— Task prompt —
Leaving out pictures, output exactly the lines below from the one that has "Elena – Women’s" through the one that has "2 PCS Alumimum", and nothing else.

— Stored data —
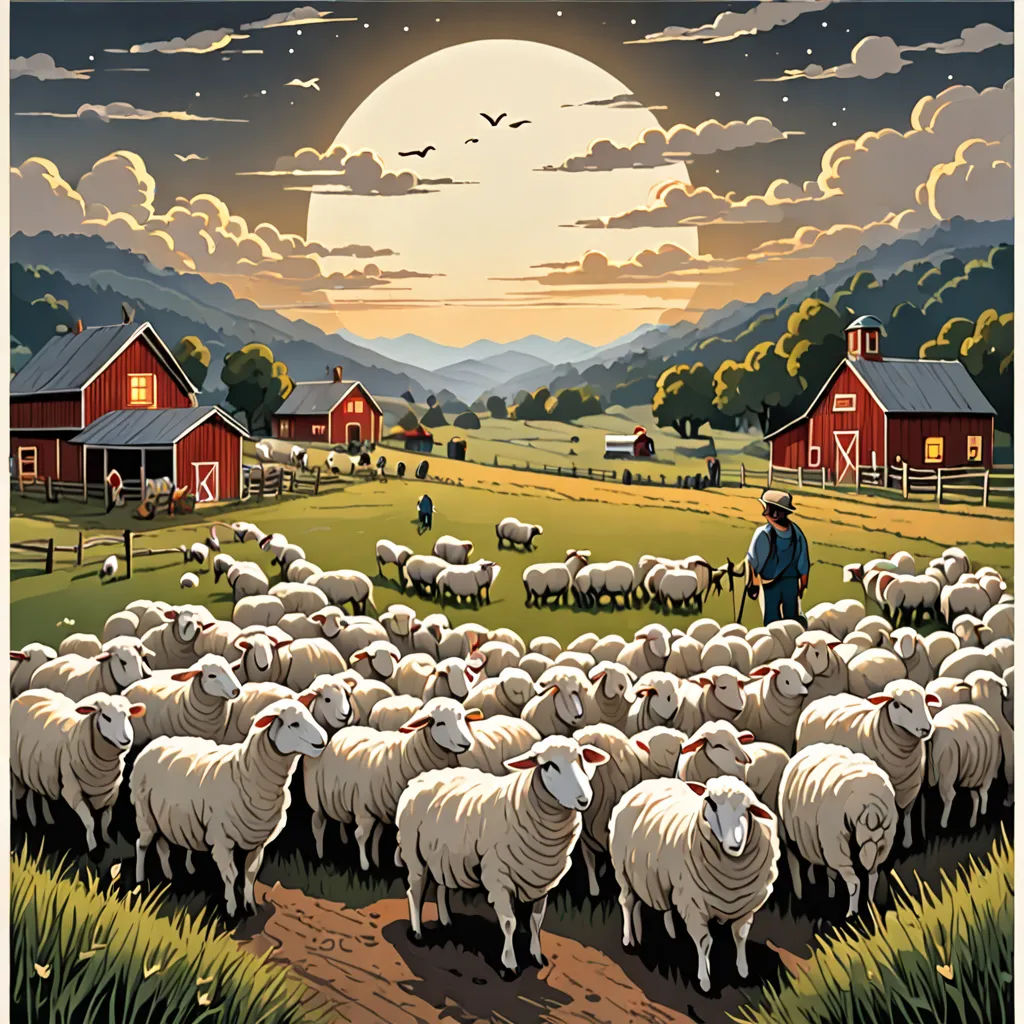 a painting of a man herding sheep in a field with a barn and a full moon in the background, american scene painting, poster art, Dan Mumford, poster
--
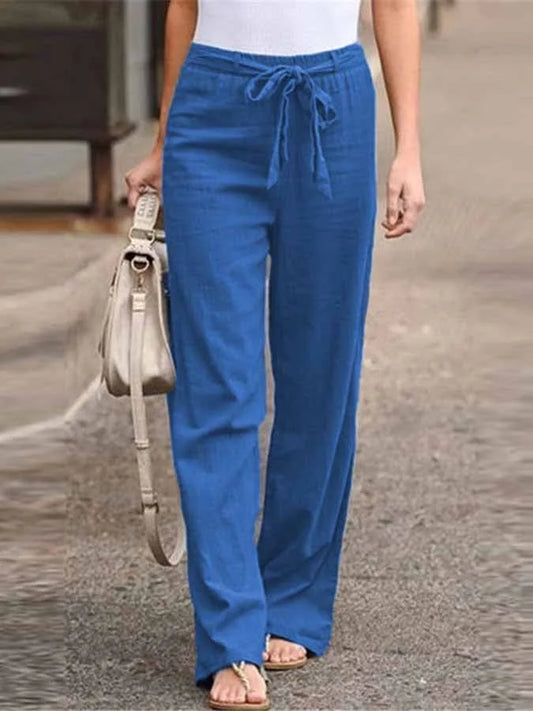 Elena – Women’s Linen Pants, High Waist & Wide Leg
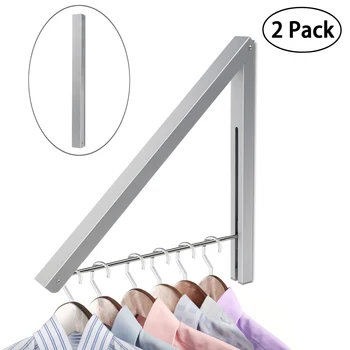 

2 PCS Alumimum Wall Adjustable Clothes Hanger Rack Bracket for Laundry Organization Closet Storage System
--
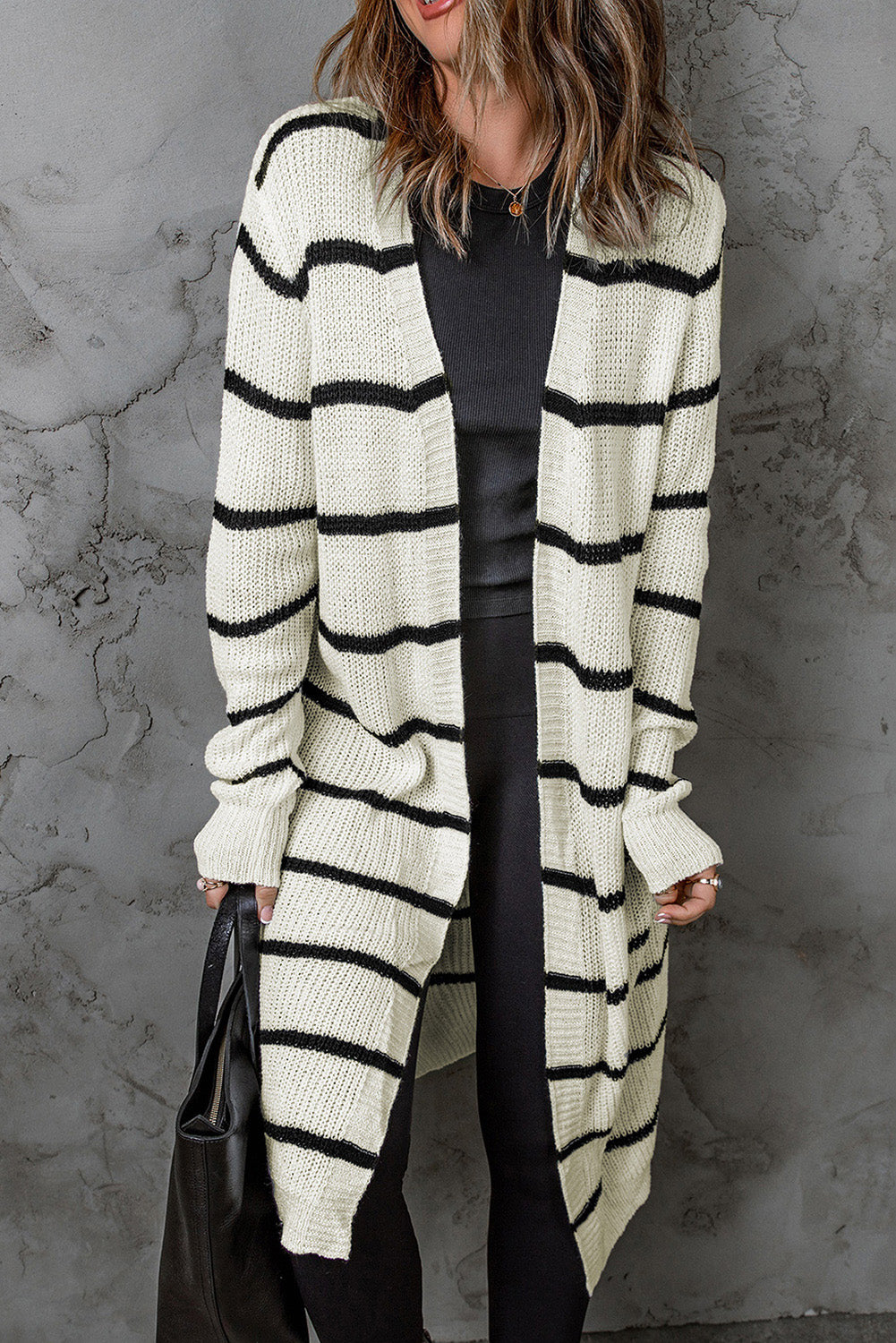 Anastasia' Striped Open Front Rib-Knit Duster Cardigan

— Result of this task —
 Elena – Women’s Linen Pants, High Waist & Wide Leg

2 PCS Alumimum Wall Adjustable Clothes Hanger Rack Bracket for Laundry Organization Closet Storage System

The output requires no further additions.